Serge Mbay a défendu, pour décrocher un master en Transformation sociale à l’Université protestante au Congo (UPC), un mémoire sur le thème : « La Coopérative « BILANGA YA BETU » et la promotion du handipreneuriat agricole durable pour l’inclusion et l’autonomisation des personnes vivant avec handicap à Kinshasa post-Covid-19. Essai d’une recherche émancipatoire ». L’idée de cette recherche a jailli à sa rencontre avec feue Révérende professeure Micheline Kamba, Présidente honoraire de l’ONG Iman’Enda et initiatrice du Département de Transformation sociale à l’UPC, décédée en 2020. Depuis, BYB et Iman’Enda ont organisé quelques activités entrepreneuriales en faveur de personnes vivant avec handicap.
BYB, catalyseur ?
Dans son étude qui se veut exploratoire, le chercheur a fait l’autopsie du modèle et de l’écosystème du handipreneuriat agricole à Kinshasa. Le docteur Serge Mbay se convainc que ce travail de terrain balise le chemin pour BYB. « Aujourd’hui, nous savons qu’il existe un modèle de handipreneuriat agricole. Il est informel, fragile, mais porté par des acteurs dynamiques et résilients », affirme-t-il. Pour lui, l’enjeu est de bâtir sur l’existant et avec les acteurs de terrain.

BYB se veut, croit-il, être « un catalyseur du modèle exploré et de l’écosystème du handipreneuriat agricole ». Comment ? « Bilanga ya betu propose un modèle d’accompagnement, modèle de soutien à ses acteurs, à la fois holistique et personnalisé. Il existe plusieurs acteurs dans cet écosystème, mais il faudrait motiver, fédérer et, surtout, créer un dialogue entre ces acteurs, parce qu’ils agissent de manière disparate. Leurs actions ne sont ni concertées, ni coordonnées », fait remarquer M. Mbay, révélant plusieurs défis du handipreneuriat agricole à Kinshasa, où il a, durant une année, mené ses investigations.

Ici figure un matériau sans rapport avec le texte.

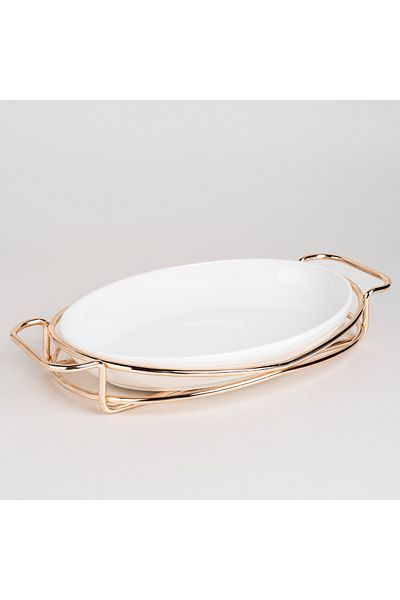 LA MESA Oval Plate With Stand Silver 12"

«Pas de handipreneuriat sans apport des personnes valides»
Il catégorise ces défis. Pour lui, ils sont d’ordre foncier ou le problème d’accès aux terres. « L’accès aux terres est un véritable casse-tête. Les handipreneurs, comme les agriculteurs valides, font face à l’insécurité et à l’instabilité foncière. Du jour au lendemain, ils peuvent être déguerpis sur un terrain, où ils développent des cultures », dit le docteur Serge Mbay, évoquant aussi les problèmes de financement, de stigmatisation et de mobilité réduite.

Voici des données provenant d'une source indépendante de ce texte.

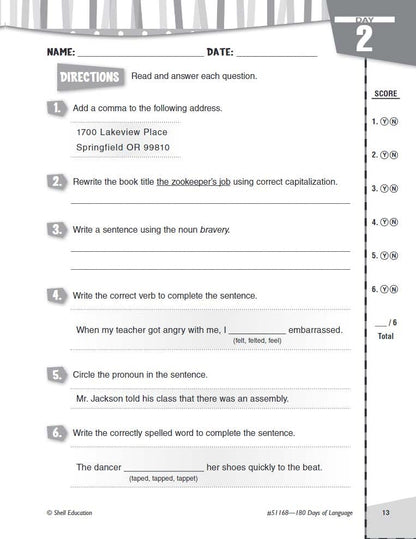 180 Days: Language for Third Grade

Toutefois, il nuance. « Il n’y a pas de handiprenariat agricole sans apport des personnes valides. C’est le résultat d’une collaboration étroite entre personnes en situation de handicap et personnes valides », se convainc le coordonnateur de BYB.

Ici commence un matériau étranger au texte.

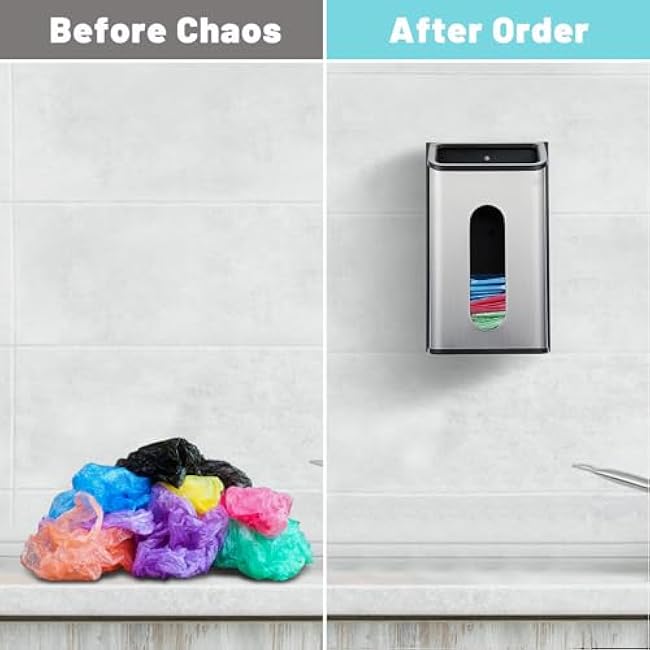 Sumnacon Grocery Bag Dispenser Wall Mount Stainless Steel Bag Dispenser for Plastic Bags Sturdy Grocery Bag Holder with Screws Adhesives Decorative Plastic Bag Holder for Kitchen Pantry Cabinet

En RDC comme ailleurs, la pandémie de coronavirus avait, de plein fouet, frappé plusieurs secteurs avec des mesures de restrictions qu’elle a entraînées. « Nos entretiens avec les acteurs nous ont démontré comment la pandémie de Covid a été un frein pour eux. La fermeture de frontières entre Kinshasa et Brazzaville suite à la pandémie a pénalisé beaucoup de handipreneurs ou des personnes en situation de handicap. Donc, on sait voir comment beaucoup sont tombés en cessation d’activité durant cette période. D’autres ne se sont pas relevés de cette tempête économique de cette pandémie », glisse le docteur Serge Mbay.